We warned the Board many days before the pickleball club beach party that took place on June 20, 2020. We sent a number of emails to the Board ringing the alarm bells on this, urging them to contact the wayward pickleball club officers and faux officers and to instruct them not to have this beach party in the name of the club, and now suddenly a month later they’re first talking about potential liability after the fact? This is outrageous and incompetent to say the least.
The last thing this community needs is a lawsuit which exposes every single resident’s pocketbooks because some former officers/fake officers of the pickleball club who stole the election decided to run the club like a fiefdom with wild abandon and to pretend it was the Entertainment Committee, part deux. See our entire exposè on these rogue actors on our dedicated Pickleball page.

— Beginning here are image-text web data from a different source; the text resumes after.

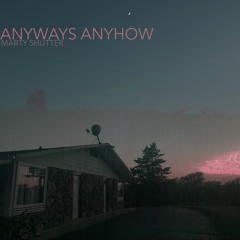 Anyways Anyhow - Marty Shutter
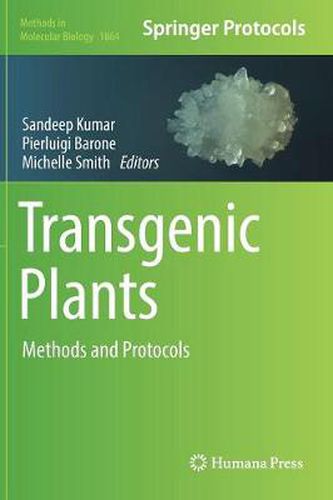 Transgenic Plants: Methods and Protocols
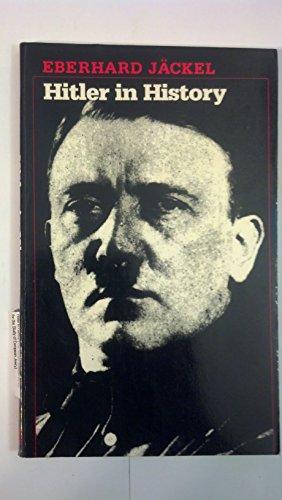 Stock image for Hitler in History (TAUBER INSTITUTE FOR THE STUDY OF EUROPEAN JEWRY SERIES) for sale by Books of the Smoky Mountains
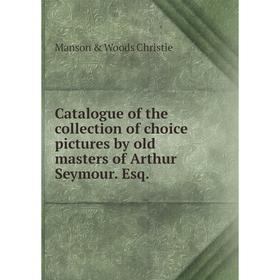 

Книга Catalogue of the collection of choice pictures by old masters of Arthur Seymour. Esq.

The Board was given ample advance notice by your Editor and Roving Reporter, who implored the Board to disallow that event from going forward in the club’s name, but instead, they did absolutely nothing to protect this community from legal exposure for that event, for which, by the way, there is a fairly long statute of limitations, so keep your fingers crossed for the next couple of years.
Finally, the Board should simply disallow clubs to incorporate. Why is the HOA allowing clubs to incorporate at all? It creates a separate identity within an identity. Clubs should function at the behest of the HOA, not as separate independent legal entities.]
2. FCC and Consumer Protection Agency Complaints – Mark Goodman. Mark: getting phone calls, spam calls. I contacted the FCC; they suggest: 1. Try not to answer; 2. Write down the time and phone number you’re getting the calls[sic]; 3. FCC.com [sic: it’s FCC.gov] – they eliminate the phone calls within three days to a week. Harvey: FCC.gov or .com? Mark: .gov, under consumer complaints, consumer complaints at FCC.gov.
Deborah: Linda, I see you here. We’ll give you what we have. You’re taking over? Linda: yes.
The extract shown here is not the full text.